─── Collected data

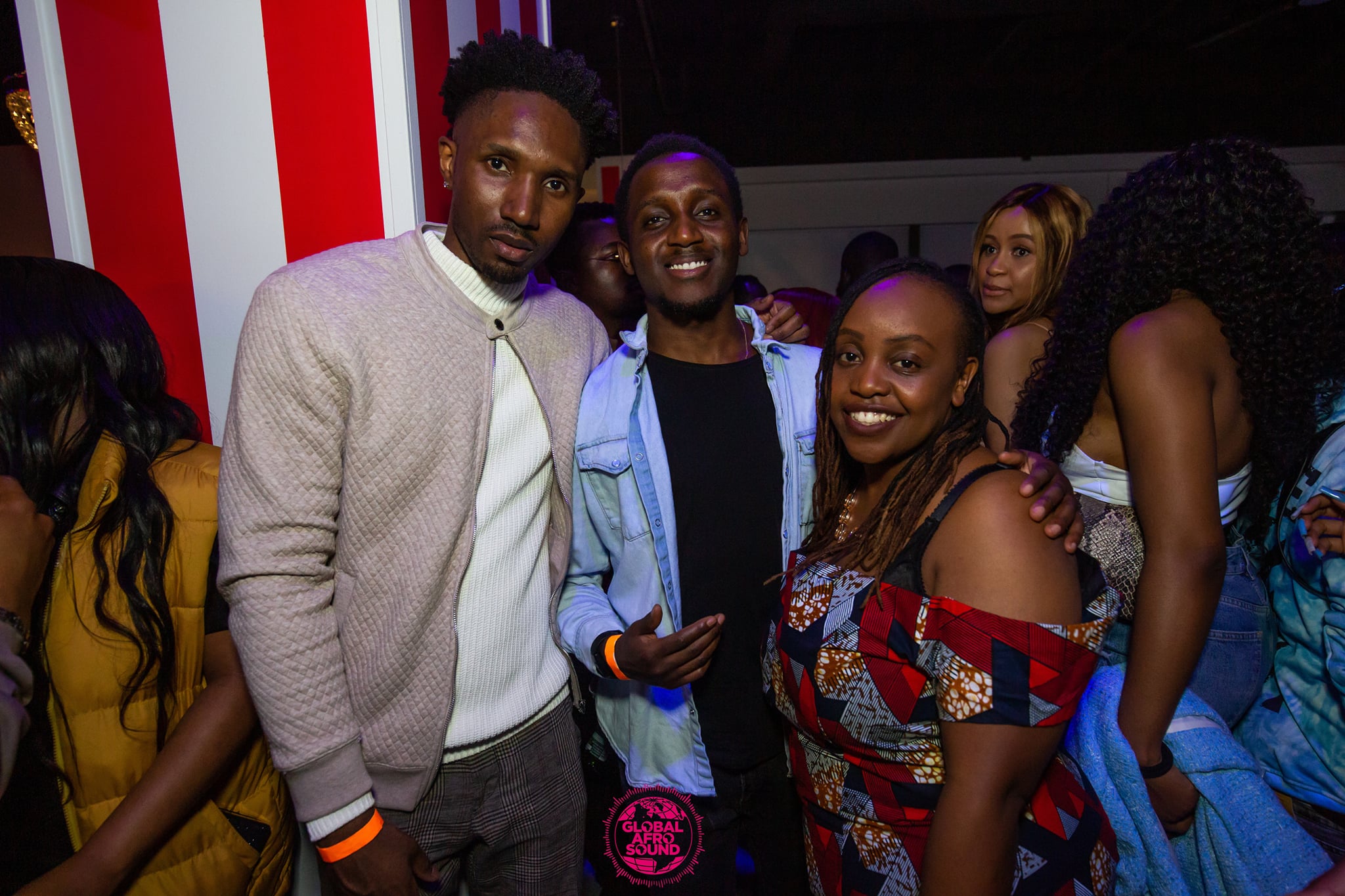 GLOBAL AFRO SOUND | MARCH 2022 #GAS photo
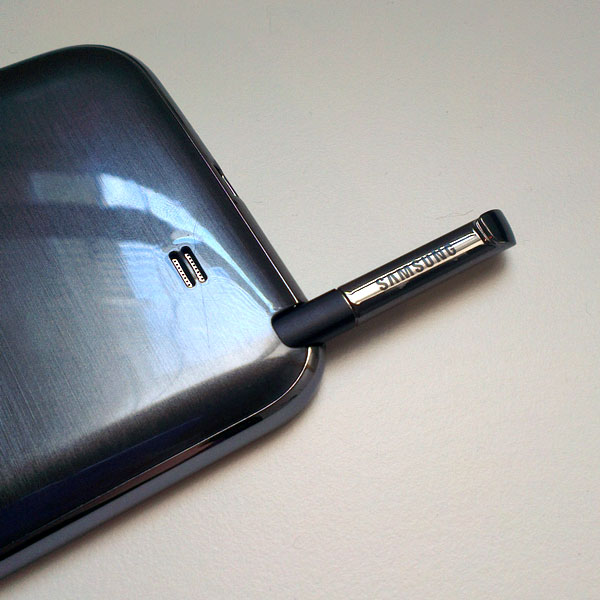 Saca todo el partido del lápiz táctil del Samsung Galaxy Note 2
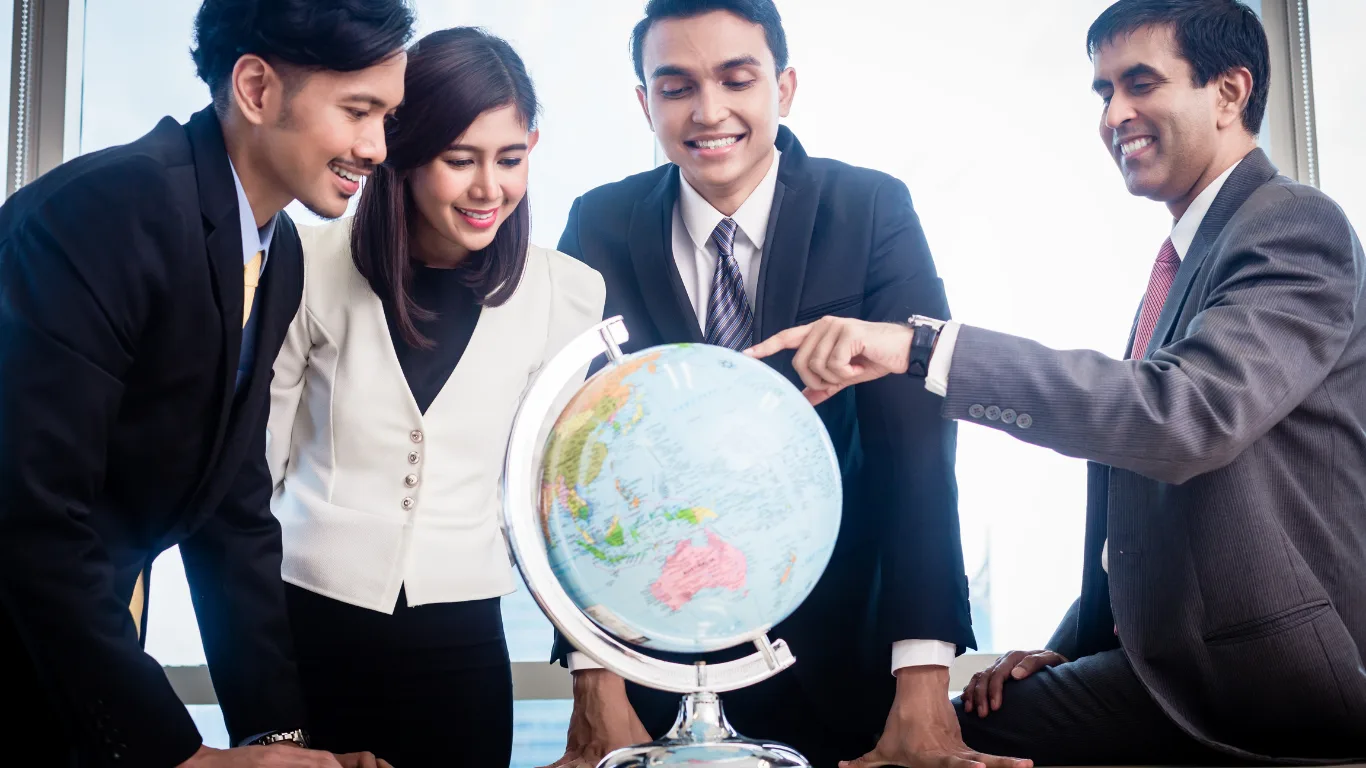 Global Business Expansion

──────

| Task goal |
Only the lines starting at the one that holds "Saca todo el" and ending at the last line of the data belong in your answer. Please set them down exactly and omit the pictures.

| Task response |
 Saca todo el partido del lápiz táctil del Samsung Galaxy Note 2
 Global Business Expansion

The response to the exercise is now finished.